Gardening takes place during hour-long work shifts starting Sundays at 5 p.m., with about 20 student club members arriving weekly to bury seeds in dirt, pull weeds, harvest mature crops and engage with the earth.

One of these students is Peter Gibson, a sophomore bioengineering major, who spends an hour each week getting his hands dirty in the garden.

“Pitt is an urban campus, so there’s not a lot of green area,” Gibson said while crouched in a garden bed, yanking out weeds with a rake during a work shift. “So it’s nice to have this place where I can garden a little bit and not feel trapped inside a concrete jungle.”
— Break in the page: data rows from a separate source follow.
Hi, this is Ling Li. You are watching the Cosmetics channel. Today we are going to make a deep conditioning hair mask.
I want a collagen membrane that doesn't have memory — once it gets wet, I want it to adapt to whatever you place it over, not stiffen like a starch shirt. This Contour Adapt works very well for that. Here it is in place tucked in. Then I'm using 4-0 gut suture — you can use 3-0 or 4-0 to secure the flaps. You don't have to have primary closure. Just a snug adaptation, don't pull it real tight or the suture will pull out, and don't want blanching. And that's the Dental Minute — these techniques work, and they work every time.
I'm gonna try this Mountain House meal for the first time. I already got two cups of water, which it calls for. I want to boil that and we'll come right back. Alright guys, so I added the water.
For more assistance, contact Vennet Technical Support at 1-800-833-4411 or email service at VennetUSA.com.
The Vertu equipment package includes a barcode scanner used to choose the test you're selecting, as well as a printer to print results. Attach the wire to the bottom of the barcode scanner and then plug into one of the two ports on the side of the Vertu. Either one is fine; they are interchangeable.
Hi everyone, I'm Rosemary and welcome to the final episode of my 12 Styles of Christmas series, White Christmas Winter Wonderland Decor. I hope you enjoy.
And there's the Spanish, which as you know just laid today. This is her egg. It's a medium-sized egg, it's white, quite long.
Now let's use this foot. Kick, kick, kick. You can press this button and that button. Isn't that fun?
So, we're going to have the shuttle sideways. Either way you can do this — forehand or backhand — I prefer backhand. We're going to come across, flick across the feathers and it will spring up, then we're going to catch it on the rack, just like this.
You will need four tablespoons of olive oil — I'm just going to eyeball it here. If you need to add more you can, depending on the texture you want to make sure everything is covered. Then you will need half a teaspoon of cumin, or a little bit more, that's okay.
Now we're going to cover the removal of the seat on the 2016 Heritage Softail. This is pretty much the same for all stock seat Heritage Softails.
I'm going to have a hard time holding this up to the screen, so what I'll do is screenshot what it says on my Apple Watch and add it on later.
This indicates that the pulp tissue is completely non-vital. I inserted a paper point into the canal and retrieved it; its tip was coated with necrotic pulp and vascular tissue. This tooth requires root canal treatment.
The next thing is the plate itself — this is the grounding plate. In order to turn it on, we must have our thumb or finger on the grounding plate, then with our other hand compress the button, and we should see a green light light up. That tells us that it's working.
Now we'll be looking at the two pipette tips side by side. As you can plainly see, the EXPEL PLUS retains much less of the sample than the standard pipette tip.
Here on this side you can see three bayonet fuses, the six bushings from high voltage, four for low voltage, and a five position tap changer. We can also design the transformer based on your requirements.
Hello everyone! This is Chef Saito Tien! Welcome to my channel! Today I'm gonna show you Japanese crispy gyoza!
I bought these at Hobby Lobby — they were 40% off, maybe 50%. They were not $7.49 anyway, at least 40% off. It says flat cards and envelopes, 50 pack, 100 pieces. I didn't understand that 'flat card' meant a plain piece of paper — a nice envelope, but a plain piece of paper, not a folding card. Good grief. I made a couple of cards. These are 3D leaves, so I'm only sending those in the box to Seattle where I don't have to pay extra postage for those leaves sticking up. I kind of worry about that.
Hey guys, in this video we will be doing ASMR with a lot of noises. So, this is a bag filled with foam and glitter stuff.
With crops growing in Plant to Plate’s seven large and 15 smaller garden beds, the student gardeners split up the harvest among themselves after work shifts, but during successful growing seasons Plant to Plate donates excess fruits and veggies to the Pitt Pantry.

In addition to student gardening, Plant to Plate has a compost center for students to dispose of food scraps and additional plant beds which, for $15, are currently rented out by three non-student members of the Central Oakland community.

As winter approaches, work shifts will end and the club will go dormant until the spring, when the growing season begins. But before club members leave for the winter, they will plant bulbs for leeks, green onions and potatoes in preparation for the spring.

Dang said the garden has faced challenges, from poor harvests to vandalism, including a recent incident where the garden’s wooden sign was uprooted from the ground and broken overnight.

“You can’t really stop [vandalism] because [the] garden’s in the center of drunkville, or [Central] O,” Dang said.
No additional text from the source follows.